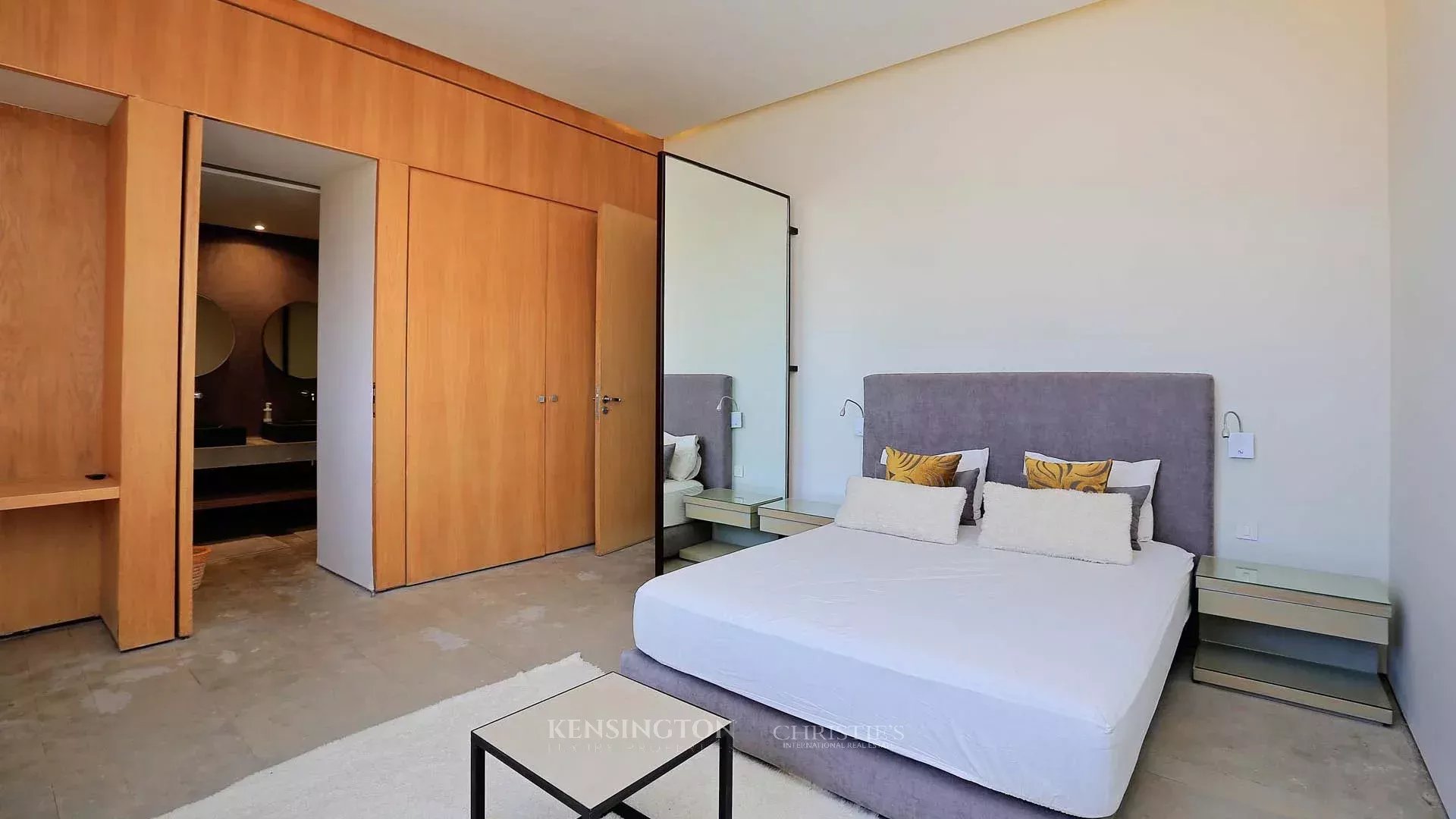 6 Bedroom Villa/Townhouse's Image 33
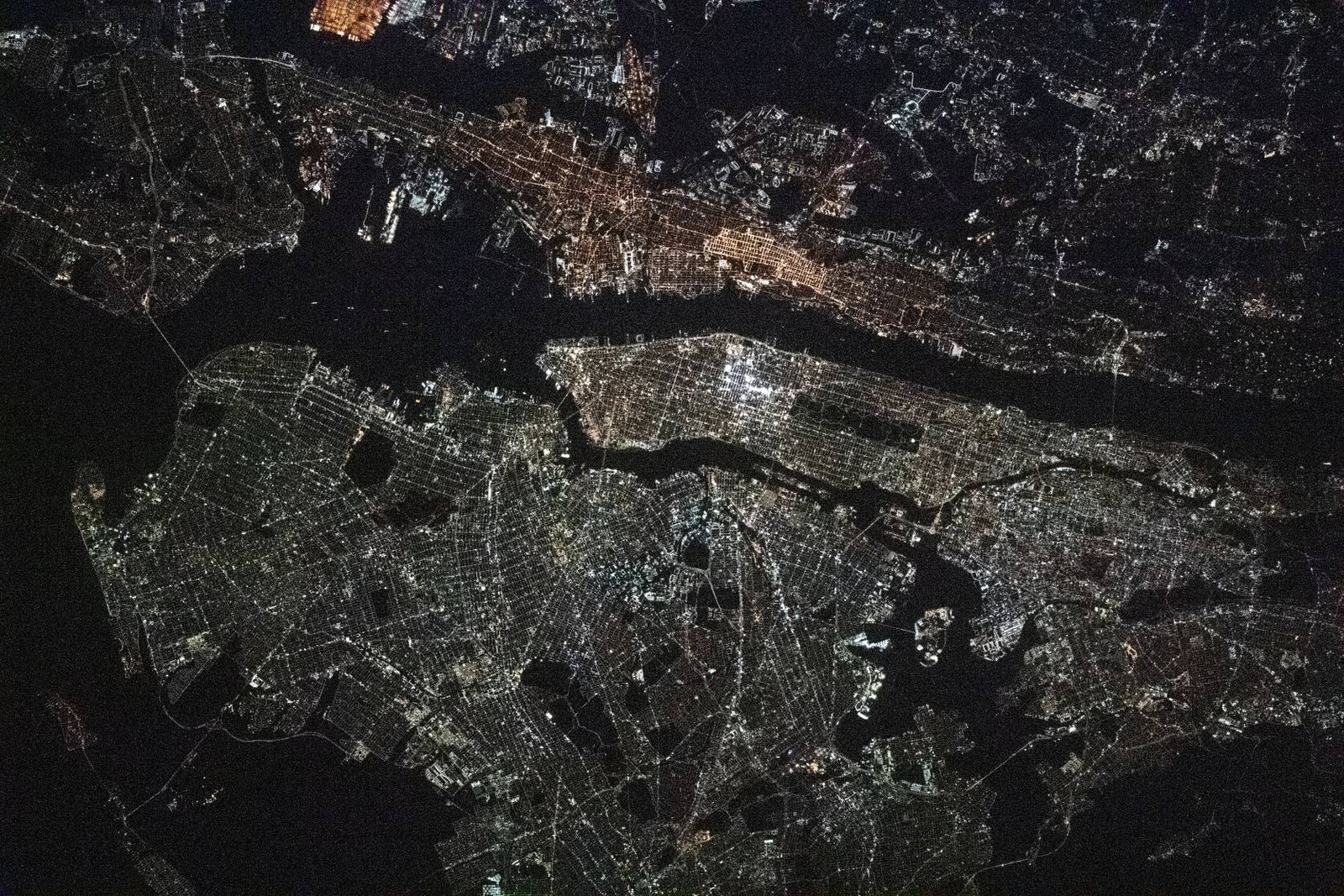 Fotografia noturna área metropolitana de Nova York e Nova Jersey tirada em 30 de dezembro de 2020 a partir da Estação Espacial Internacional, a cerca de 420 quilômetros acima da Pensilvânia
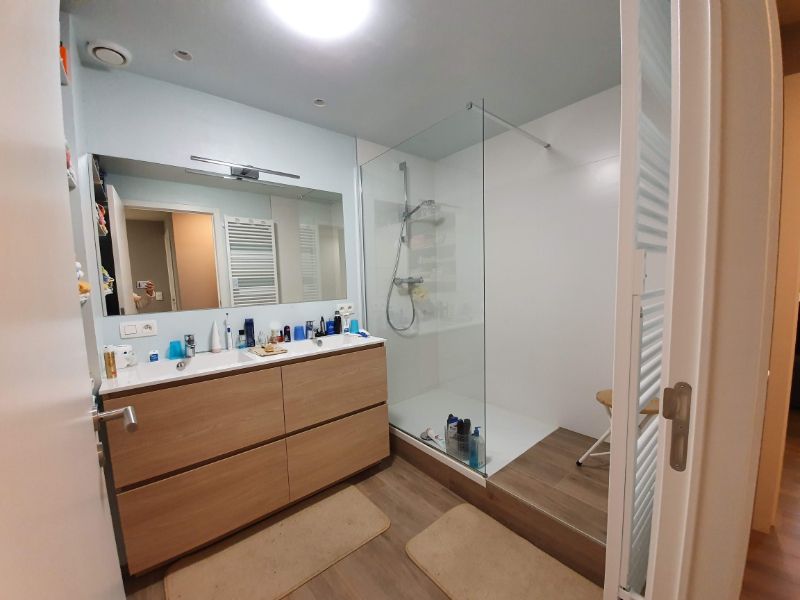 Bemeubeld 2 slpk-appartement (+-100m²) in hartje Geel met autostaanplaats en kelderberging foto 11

■ Required action ■
Your copy should hold only the lines from the one containing "Fotografia noturna área" through the last line of the listing, both included, retyped exactly and free of pictures.

■ Answer for the task ■
 Fotografia noturna área metropolitana de Nova York e Nova Jersey tirada em 30 de dezembro de 2020 a partir da Estação Espacial Internacional, a cerca de 420 quilômetros acima da Pensilvânia
 Bemeubeld 2 slpk-appartement (+-100m²) in hartje Geel met autostaanplaats en kelderberging foto 11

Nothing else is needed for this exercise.